A federal appeals court ruled in San Francisco today that the National Collegiate Athletic Association’s regulations on student compensation are subject to U.S. antitrust law and that some of the limits violate the law.
A three-judge panel of the 9th U.S. Circuit Court of Appeals unanimously said the NCAA’s rules are “subject to antitrust scrutiny” under the federal Sherman Antitrust Act.
“The NCAA is not above the antitrust laws, and courts cannot and must not shy away from requiring the NCAA to play by the Sherman Act’s rules,” Circuit Judge Jay Bybee wrote on behalf of the panel.
“In this case, the NCAA’s rules have been more restrictive than necessary to maintain its tradition of amateurism in support of the college sports market,” Bybee said.
The panel unanimously upheld a section of an injunction in which U.S. District Judge Claudia Wilken of Oakland said after a trial last year that the NCAA must allow colleges to offer top-division basketball and football players scholarships that cover the full cost of attending college, not just tuition and board.

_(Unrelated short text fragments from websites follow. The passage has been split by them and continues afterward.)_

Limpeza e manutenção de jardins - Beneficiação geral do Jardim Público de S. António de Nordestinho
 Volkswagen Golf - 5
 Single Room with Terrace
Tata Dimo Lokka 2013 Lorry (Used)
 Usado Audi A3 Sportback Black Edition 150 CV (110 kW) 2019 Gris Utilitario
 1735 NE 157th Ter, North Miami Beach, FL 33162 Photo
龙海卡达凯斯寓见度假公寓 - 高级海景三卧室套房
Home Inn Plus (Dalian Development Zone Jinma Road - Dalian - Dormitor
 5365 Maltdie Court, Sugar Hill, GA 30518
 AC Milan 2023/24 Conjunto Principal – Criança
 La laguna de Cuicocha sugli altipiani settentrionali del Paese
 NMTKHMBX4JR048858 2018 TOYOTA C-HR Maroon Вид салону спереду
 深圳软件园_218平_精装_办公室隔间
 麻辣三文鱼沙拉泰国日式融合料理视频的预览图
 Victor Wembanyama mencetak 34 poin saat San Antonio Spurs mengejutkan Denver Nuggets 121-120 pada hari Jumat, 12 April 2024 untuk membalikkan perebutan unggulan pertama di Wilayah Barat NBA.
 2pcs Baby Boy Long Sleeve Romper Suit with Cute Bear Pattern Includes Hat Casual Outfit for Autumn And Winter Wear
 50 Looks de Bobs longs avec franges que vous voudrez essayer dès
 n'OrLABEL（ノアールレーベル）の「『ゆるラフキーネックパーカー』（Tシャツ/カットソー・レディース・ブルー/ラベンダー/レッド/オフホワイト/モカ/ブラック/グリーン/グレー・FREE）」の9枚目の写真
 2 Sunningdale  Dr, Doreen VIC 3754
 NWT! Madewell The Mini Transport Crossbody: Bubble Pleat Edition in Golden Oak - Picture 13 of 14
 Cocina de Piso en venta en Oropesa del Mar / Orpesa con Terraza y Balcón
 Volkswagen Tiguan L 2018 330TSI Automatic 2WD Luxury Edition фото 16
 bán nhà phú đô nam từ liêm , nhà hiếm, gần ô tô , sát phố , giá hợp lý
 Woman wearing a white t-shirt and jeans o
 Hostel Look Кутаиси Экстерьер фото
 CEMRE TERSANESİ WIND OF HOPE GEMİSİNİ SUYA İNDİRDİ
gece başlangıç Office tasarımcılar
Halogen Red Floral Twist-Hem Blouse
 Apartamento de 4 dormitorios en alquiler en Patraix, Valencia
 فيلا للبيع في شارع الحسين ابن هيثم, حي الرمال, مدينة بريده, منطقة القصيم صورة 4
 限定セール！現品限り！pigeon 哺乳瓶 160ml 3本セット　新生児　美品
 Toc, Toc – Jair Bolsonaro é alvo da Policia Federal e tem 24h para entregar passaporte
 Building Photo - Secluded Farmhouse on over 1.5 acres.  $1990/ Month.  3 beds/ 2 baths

But the judges by a 2-1 vote overturned another part of Wilken’s injunction that would have required the NCAA to permit colleges to offer $5,000 in deferred compensation, to be paid after the students graduated, for use of their images in video games, broadcasts and archival footage.
The court majority said that allowing the additional $5,000 compensation for an item not related to educational expenses would be an unacceptable “quantum leap” that would undermine the concept of amateurism in college sports.
The decision was made in a federal lawsuit filed in 2009 by a group of athletes led by former University of California at Los Angeles basketball star Ed O’Bannon.
In 2013, Wilken certified the lawsuit as a class action on behalf of present and former Division I basketball players and Football Bowl Subdivision (formerly called Division I-A) players.
Both sides claimed a partial victory in the decision.
Michael Hausfeld, a lawyer for the plaintiffs, said “Today is a good day for college athletes in all sports, whether men or women, and reform advocates everywhere.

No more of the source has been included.